ためたポイントは次回の切符購入時に利用ができます。
ポイント付与の具体例1(新幹線)
区間 | 通常の運賃 (指定席) | 通常の運賃 (自由席) | eチケット運賃 (指定席) | 獲得ポイント | 付与率 | |
小山⇔東北新幹線⇔古川 (往復) | 20,260円 | 19,600円 | 19,860円 | 396ポイント | 2% |
往復で利用することで396ポイント獲得できます。次に鉄道を利用する時に、ポイントを利用すれば396円が割引されます。ここで注目したいのは、自由席ではポイントが付与されない点と、eチケットで指定席を予約した場合の料金です。指定席の料金は自由席に比べると高いのですが、eチケットの場合、片道200円、往復で400円安くなります。そのため、通常の自由席との差額が小さくなります。260円の差額ですが、この差額であれば、高くても、ポイントが付与される指定席の切符を購入した方が得ですよね。また、ポイントで396円分が獲得できると考えれば、実質19,464円、通常の自由席よりも安い料金で利用できるという考え方もできます。つまり、eチケットの指定席切符も、見方によっては自由席とほぼ変わらない料金で購入できるということです。
ポイント付与の具体例2(在来線特急)
区間 | 通常の運賃 | eチケットの運賃 (35%割引) | 獲得ポイント | ポイント付与率 | |
東京→常磐線特急ひたち →いわき(片道) | 乗車券:3,740円 特急券;2,550円 合計:6,290円 | 乗車券:3,740円 特急券:1,650円 合計:5,390円 | 82ポイント | 5% |
上記の場合、82ポイント獲得できます。また、チケットレスで特急券が35%割引になるため、運賃の合計も900円安くなります。特急ひたちについては、自由席がないのですべて指定席の予約になります。そのため、eチケットで切符を購入することで必ずポイントがもらえます。注意点としては、ポイント付与率は特急券の料金から計算されます。そのため、付与率が高くても、新幹線を利用した場合に比べて、実質的にはもらえるポイントは多くありません。

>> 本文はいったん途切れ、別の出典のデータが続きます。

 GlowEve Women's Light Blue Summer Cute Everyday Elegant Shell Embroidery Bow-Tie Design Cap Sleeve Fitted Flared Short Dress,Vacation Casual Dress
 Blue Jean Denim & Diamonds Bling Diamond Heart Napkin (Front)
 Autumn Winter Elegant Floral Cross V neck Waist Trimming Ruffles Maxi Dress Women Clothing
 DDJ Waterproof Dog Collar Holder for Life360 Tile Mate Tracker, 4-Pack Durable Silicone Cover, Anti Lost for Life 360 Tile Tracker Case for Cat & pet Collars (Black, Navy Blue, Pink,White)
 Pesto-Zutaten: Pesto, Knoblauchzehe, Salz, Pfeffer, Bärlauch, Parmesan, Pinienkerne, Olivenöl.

JREPOINTアップグレード、グリーン席・グランクラスが利用可能
JREPOINTアップグレードとは、ポイントを利用することで、グリーン席、グランクラス席を利用できるサービスです。グリーン席は1,500~3,000ポイント、グランクラスは4,500~8,000ポイントを利用することでアップグレードできます。
区間 | 通常の運賃 (自由席) | 通常の運賃 (グリーン席) | ポイント利用 (グリーン席) | ポイント付与 | |
東京⇔東北新幹線はやぶさ⇔川内 (片道) | 11,210円 | 14,870円 | 11,210円 | 224ポイント |
上記の場合、3,500ポイントを使ってグリーン席を利用できます。通常の運賃よりも3,660円安くなります。この場合、ポイント利用後の運賃は、自由席と同じです。つまり、ポイントを使うことで、グレードの高い座席を自由席と変わらない料金で利用できるということです。同時に、ポイントも付与されるため、ポイントも獲得できてとてもお得なサービスと言えます。